[PROVIDED ENTRIES]
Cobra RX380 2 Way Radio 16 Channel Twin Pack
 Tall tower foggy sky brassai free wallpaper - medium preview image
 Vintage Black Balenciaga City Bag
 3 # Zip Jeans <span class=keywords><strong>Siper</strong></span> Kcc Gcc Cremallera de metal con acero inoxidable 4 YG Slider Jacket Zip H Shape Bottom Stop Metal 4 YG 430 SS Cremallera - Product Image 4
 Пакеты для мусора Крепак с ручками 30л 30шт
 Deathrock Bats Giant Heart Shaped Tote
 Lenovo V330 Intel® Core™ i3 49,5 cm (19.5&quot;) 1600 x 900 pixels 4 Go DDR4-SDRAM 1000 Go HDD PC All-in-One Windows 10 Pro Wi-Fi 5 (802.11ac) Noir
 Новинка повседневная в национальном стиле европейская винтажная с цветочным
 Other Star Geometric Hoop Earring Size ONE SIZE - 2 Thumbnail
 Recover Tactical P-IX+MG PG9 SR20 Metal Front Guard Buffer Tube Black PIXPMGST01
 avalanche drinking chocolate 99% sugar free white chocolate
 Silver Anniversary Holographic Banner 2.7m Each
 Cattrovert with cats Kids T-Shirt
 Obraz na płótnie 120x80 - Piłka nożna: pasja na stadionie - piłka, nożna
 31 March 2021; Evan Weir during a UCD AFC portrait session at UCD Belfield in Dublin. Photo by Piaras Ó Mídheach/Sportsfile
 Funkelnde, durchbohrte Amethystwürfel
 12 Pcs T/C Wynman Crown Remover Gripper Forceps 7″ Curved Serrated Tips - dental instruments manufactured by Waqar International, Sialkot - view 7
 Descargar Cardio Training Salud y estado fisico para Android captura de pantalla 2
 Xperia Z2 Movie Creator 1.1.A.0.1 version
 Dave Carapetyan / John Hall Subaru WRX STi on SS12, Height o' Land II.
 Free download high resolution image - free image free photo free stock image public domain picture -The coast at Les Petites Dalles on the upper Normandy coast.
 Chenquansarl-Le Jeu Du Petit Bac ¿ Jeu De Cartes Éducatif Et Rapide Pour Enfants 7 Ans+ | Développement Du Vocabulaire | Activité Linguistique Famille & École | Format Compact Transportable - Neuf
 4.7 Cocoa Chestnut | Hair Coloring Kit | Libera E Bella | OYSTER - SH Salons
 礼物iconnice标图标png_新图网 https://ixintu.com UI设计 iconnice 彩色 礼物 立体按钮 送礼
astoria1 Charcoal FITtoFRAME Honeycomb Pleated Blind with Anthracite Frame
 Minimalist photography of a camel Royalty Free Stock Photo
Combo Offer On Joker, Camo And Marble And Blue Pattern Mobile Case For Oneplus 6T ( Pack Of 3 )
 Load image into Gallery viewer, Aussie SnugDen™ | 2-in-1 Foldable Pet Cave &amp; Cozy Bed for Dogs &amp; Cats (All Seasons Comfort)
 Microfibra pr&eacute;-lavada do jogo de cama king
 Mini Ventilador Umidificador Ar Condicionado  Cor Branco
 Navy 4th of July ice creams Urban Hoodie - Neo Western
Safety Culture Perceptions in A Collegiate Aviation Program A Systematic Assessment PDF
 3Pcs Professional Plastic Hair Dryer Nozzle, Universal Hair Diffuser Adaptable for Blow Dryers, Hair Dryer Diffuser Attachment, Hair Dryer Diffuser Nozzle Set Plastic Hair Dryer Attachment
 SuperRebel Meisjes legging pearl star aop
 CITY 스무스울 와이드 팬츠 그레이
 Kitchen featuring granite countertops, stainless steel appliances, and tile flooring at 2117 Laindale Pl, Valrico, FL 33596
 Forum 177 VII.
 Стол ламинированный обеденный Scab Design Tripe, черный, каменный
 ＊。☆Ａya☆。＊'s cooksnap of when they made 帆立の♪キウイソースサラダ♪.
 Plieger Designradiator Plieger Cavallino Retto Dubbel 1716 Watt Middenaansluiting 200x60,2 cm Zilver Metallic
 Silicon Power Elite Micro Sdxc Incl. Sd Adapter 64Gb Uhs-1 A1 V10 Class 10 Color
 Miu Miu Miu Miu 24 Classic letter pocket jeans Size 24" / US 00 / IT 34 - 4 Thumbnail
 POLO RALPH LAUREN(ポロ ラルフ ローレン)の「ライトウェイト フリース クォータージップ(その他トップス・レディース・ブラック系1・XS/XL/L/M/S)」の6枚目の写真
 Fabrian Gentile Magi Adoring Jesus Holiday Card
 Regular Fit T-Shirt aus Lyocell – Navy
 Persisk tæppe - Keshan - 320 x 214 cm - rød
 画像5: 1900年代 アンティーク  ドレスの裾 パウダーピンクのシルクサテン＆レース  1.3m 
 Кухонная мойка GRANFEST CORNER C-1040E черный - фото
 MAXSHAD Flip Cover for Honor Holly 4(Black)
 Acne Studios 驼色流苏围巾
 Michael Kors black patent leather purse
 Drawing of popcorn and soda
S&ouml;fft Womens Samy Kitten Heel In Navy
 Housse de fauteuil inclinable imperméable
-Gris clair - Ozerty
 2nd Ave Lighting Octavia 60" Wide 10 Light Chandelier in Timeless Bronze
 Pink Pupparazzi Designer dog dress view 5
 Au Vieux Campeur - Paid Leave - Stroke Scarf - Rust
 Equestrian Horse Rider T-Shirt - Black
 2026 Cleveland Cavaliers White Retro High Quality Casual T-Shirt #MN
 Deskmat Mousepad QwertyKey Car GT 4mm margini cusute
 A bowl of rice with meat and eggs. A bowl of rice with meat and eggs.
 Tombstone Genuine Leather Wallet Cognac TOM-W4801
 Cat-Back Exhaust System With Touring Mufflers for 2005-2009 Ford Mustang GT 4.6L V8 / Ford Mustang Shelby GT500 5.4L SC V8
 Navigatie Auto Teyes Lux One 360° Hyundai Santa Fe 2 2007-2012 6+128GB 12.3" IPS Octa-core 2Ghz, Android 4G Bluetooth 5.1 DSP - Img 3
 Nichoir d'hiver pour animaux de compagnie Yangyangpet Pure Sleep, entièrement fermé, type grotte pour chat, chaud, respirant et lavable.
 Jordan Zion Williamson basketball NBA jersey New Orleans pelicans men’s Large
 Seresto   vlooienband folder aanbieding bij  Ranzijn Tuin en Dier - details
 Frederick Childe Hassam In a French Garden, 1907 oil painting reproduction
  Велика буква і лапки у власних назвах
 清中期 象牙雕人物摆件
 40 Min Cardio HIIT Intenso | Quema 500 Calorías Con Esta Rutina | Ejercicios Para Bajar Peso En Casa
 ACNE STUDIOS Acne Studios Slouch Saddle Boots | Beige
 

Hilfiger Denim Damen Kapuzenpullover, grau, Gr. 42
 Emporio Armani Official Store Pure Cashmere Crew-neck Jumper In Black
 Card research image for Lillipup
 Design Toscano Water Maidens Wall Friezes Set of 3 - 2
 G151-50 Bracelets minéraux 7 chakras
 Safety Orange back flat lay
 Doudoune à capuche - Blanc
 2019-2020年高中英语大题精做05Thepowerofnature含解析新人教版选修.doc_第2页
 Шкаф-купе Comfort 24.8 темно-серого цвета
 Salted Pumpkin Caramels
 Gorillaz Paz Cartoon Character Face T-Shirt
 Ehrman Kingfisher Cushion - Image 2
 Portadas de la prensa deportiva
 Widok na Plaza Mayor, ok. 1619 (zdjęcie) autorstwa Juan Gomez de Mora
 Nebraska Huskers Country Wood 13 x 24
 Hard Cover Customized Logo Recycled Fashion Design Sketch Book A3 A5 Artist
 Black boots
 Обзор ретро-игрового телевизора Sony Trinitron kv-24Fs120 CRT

[PROBLEM TO WORK ON] Quote each line above in full, word for word.

[RESPONSE TO THE TASK]
Cobra RX380 2 Way Radio 16 Channel Twin Pack
 Tall tower foggy sky brassai free wallpaper - medium preview image
 Vintage Black Balenciaga City Bag
 3 # Zip Jeans <span class=keywords><strong>Siper</strong></span> Kcc Gcc Cremallera de metal con acero inoxidable 4 YG Slider Jacket Zip H Shape Bottom Stop Metal 4 YG 430 SS Cremallera - Product Image 4
 Пакеты для мусора Крепак с ручками 30л 30шт
 Deathrock Bats Giant Heart Shaped Tote
 Lenovo V330 Intel® Core™ i3 49,5 cm (19.5&quot;) 1600 x 900 pixels 4 Go DDR4-SDRAM 1000 Go HDD PC All-in-One Windows 10 Pro Wi-Fi 5 (802.11ac) Noir
 Новинка повседневная в национальном стиле европейская винтажная с цветочным
 Other Star Geometric Hoop Earring Size ONE SIZE - 2 Thumbnail
 Recover Tactical P-IX+MG PG9 SR20 Metal Front Guard Buffer Tube Black PIXPMGST01
 avalanche drinking chocolate 99% sugar free white chocolate
 Silver Anniversary Holographic Banner 2.7m Each
 Cattrovert with cats Kids T-Shirt
 Obraz na płótnie 120x80 - Piłka nożna: pasja na stadionie - piłka, nożna
 31 March 2021; Evan Weir during a UCD AFC portrait session at UCD Belfield in Dublin. Photo by Piaras Ó Mídheach/Sportsfile
 Funkelnde, durchbohrte Amethystwürfel
 12 Pcs T/C Wynman Crown Remover Gripper Forceps 7″ Curved Serrated Tips - dental instruments manufactured by Waqar International, Sialkot - view 7
 Descargar Cardio Training Salud y estado fisico para Android captura de pantalla 2
 Xperia Z2 Movie Creator 1.1.A.0.1 version
 Dave Carapetyan / John Hall Subaru WRX STi on SS12, Height o' Land II.
 Free download high resolution image - free image free photo free stock image public domain picture -The coast at Les Petites Dalles on the upper Normandy coast.
 Chenquansarl-Le Jeu Du Petit Bac ¿ Jeu De Cartes Éducatif Et Rapide Pour Enfants 7 Ans+ | Développement Du Vocabulaire | Activité Linguistique Famille & École | Format Compact Transportable - Neuf
 4.7 Cocoa Chestnut | Hair Coloring Kit | Libera E Bella | OYSTER - SH Salons
 礼物iconnice标图标png_新图网 https://ixintu.com UI设计 iconnice 彩色 礼物 立体按钮 送礼
astoria1 Charcoal FITtoFRAME Honeycomb Pleated Blind with Anthracite Frame
 Minimalist photography of a camel Royalty Free Stock Photo
Combo Offer On Joker, Camo And Marble And Blue Pattern Mobile Case For Oneplus 6T ( Pack Of 3 )
 Load image into Gallery viewer, Aussie SnugDen™ | 2-in-1 Foldable Pet Cave &amp; Cozy Bed for Dogs &amp; Cats (All Seasons Comfort)
 Microfibra pr&eacute;-lavada do jogo de cama king
 Mini Ventilador Umidificador Ar Condicionado  Cor Branco
 Navy 4th of July ice creams Urban Hoodie - Neo Western
Safety Culture Perceptions in A Collegiate Aviation Program A Systematic Assessment PDF
 3Pcs Professional Plastic Hair Dryer Nozzle, Universal Hair Diffuser Adaptable for Blow Dryers, Hair Dryer Diffuser Attachment, Hair Dryer Diffuser Nozzle Set Plastic Hair Dryer Attachment
 SuperRebel Meisjes legging pearl star aop
 CITY 스무스울 와이드 팬츠 그레이
 Kitchen featuring granite countertops, stainless steel appliances, and tile flooring at 2117 Laindale Pl, Valrico, FL 33596
 Forum 177 VII.
 Стол ламинированный обеденный Scab Design Tripe, черный, каменный
 ＊。☆Ａya☆。＊'s cooksnap of when they made 帆立の♪キウイソースサラダ♪.
 Plieger Designradiator Plieger Cavallino Retto Dubbel 1716 Watt Middenaansluiting 200x60,2 cm Zilver Metallic
 Silicon Power Elite Micro Sdxc Incl. Sd Adapter 64Gb Uhs-1 A1 V10 Class 10 Color
 Miu Miu Miu Miu 24 Classic letter pocket jeans Size 24" / US 00 / IT 34 - 4 Thumbnail
 POLO RALPH LAUREN(ポロ ラルフ ローレン)の「ライトウェイト フリース クォータージップ(その他トップス・レディース・ブラック系1・XS/XL/L/M/S)」の6枚目の写真
 Fabrian Gentile Magi Adoring Jesus Holiday Card
 Regular Fit T-Shirt aus Lyocell – Navy
 Persisk tæppe - Keshan - 320 x 214 cm - rød
 画像5: 1900年代 アンティーク  ドレスの裾 パウダーピンクのシルクサテン＆レース  1.3m 
 Кухонная мойка GRANFEST CORNER C-1040E черный - фото
 MAXSHAD Flip Cover for Honor Holly 4(Black)
 Acne Studios 驼色流苏围巾
 Michael Kors black patent leather purse
 Drawing of popcorn and soda
S&ouml;fft Womens Samy Kitten Heel In Navy
 Housse de fauteuil inclinable imperméable
-Gris clair - Ozerty
 2nd Ave Lighting Octavia 60" Wide 10 Light Chandelier in Timeless Bronze
 Pink Pupparazzi Designer dog dress view 5
 Au Vieux Campeur - Paid Leave - Stroke Scarf - Rust
 Equestrian Horse Rider T-Shirt - Black
 2026 Cleveland Cavaliers White Retro High Quality Casual T-Shirt #MN
 Deskmat Mousepad QwertyKey Car GT 4mm margini cusute
 A bowl of rice with meat and eggs. A bowl of rice with meat and eggs.
 Tombstone Genuine Leather Wallet Cognac TOM-W4801
 Cat-Back Exhaust System With Touring Mufflers for 2005-2009 Ford Mustang GT 4.6L V8 / Ford Mustang Shelby GT500 5.4L SC V8
 Navigatie Auto Teyes Lux One 360° Hyundai Santa Fe 2 2007-2012 6+128GB 12.3" IPS Octa-core 2Ghz, Android 4G Bluetooth 5.1 DSP - Img 3
 Nichoir d'hiver pour animaux de compagnie Yangyangpet Pure Sleep, entièrement fermé, type grotte pour chat, chaud, respirant et lavable.
 Jordan Zion Williamson basketball NBA jersey New Orleans pelicans men’s Large
 Seresto   vlooienband folder aanbieding bij  Ranzijn Tuin en Dier - details
 Frederick Childe Hassam In a French Garden, 1907 oil painting reproduction
  Велика буква і лапки у власних назвах
 清中期 象牙雕人物摆件
 40 Min Cardio HIIT Intenso | Quema 500 Calorías Con Esta Rutina | Ejercicios Para Bajar Peso En Casa
 ACNE STUDIOS Acne Studios Slouch Saddle Boots | Beige
 

Hilfiger Denim Damen Kapuzenpullover, grau, Gr. 42
 Emporio Armani Official Store Pure Cashmere Crew-neck Jumper In Black
 Card research image for Lillipup
 Design Toscano Water Maidens Wall Friezes Set of 3 - 2
 G151-50 Bracelets minéraux 7 chakras
 Safety Orange back flat lay
 Doudoune à capuche - Blanc
 2019-2020年高中英语大题精做05Thepowerofnature含解析新人教版选修.doc_第2页
 Шкаф-купе Comfort 24.8 темно-серого цвета
 Salted Pumpkin Caramels
 Gorillaz Paz Cartoon Character Face T-Shirt
 Ehrman Kingfisher Cushion - Image 2
 Portadas de la prensa deportiva
 Widok na Plaza Mayor, ok. 1619 (zdjęcie) autorstwa Juan Gomez de Mora
 Nebraska Huskers Country Wood 13 x 24
 Hard Cover Customized Logo Recycled Fashion Design Sketch Book A3 A5 Artist
 Black boots
 Обзор ретро-игрового телевизора Sony Trinitron kv-24Fs120 CRT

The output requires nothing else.